▶ **WORK TO BE COMPLETED**: Nothing should appear in the answer except the lines below from the line containing "Deux émulateurs de" through the line containing "Elementos de la", copied exactly, with pictures left out.

[[ MATERIAL FOR THE TASK open ]]

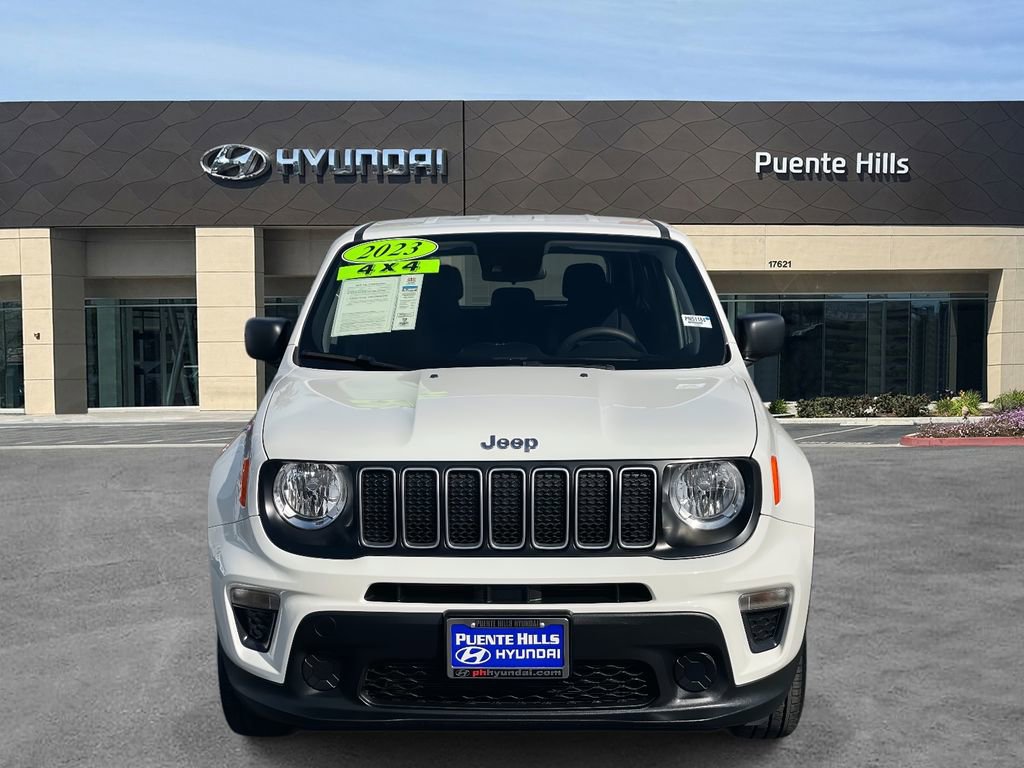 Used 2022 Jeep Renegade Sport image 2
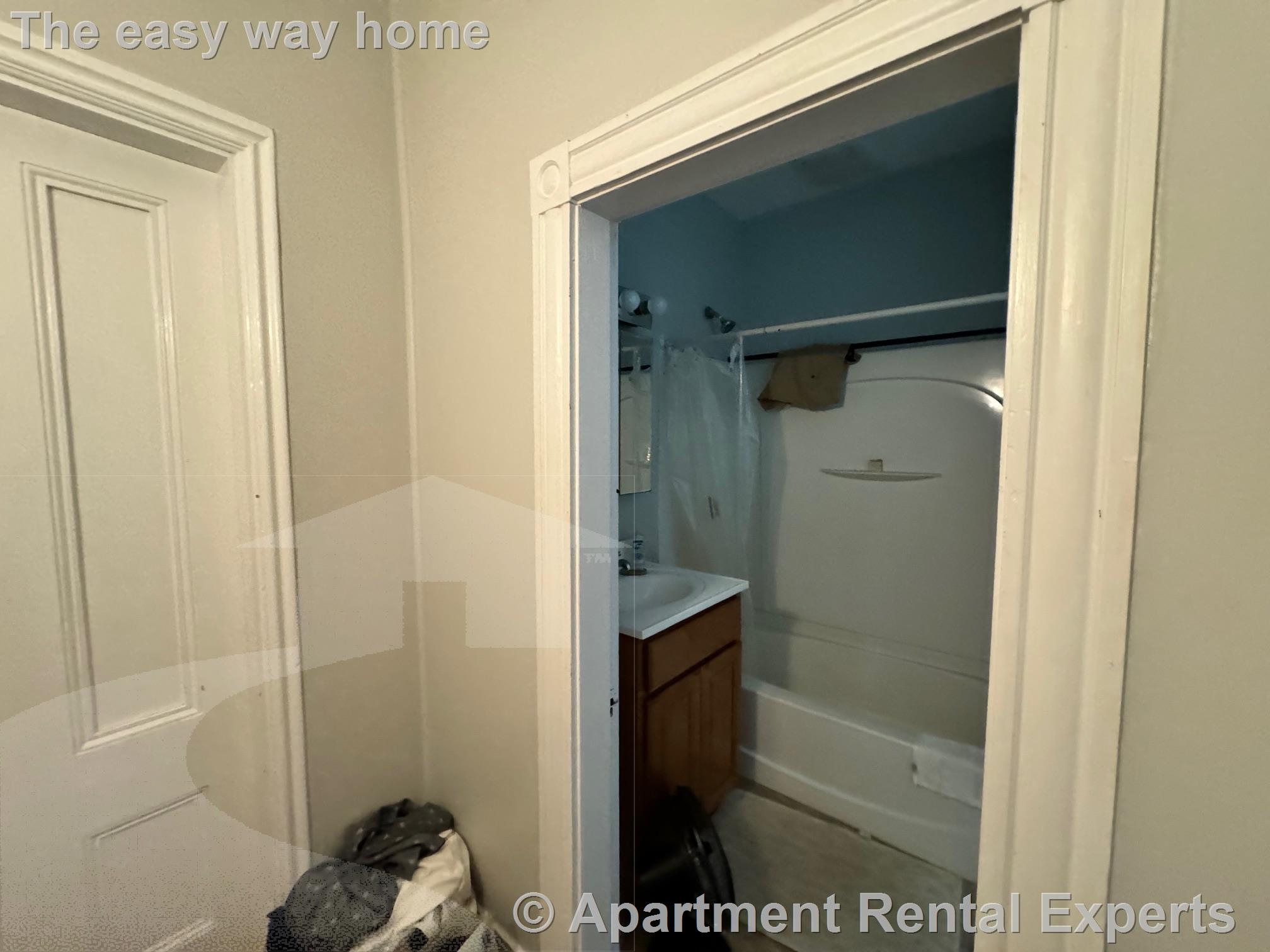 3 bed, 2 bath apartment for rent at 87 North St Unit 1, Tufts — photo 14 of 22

[[ MATERIAL FOR THE TASK closed ]]
[[ MATERIAL FOR THE TASK open ]]

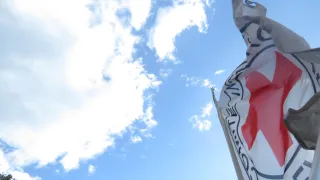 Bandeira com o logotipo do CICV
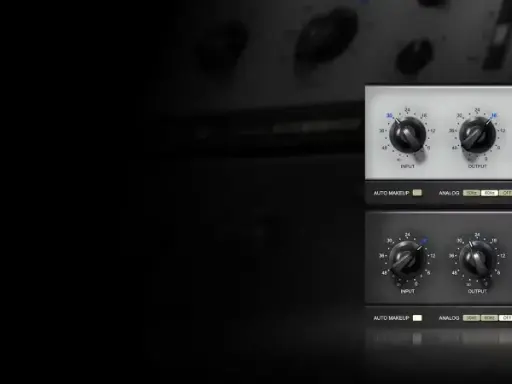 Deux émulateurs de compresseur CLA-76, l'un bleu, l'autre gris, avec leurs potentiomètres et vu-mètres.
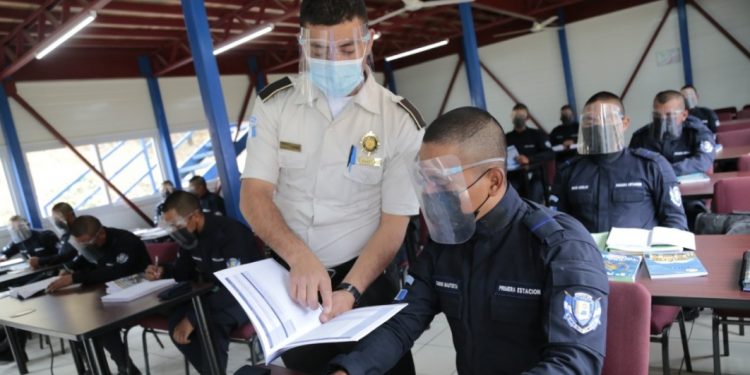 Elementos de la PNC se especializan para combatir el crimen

[[ MATERIAL FOR THE TASK closed ]]

▶ **RESULT OF THE EXERCISE**:
 Deux émulateurs de compresseur CLA-76, l'un bleu, l'autre gris, avec leurs potentiomètres et vu-mètres.
 Elementos de la PNC se especializan para combatir el crimen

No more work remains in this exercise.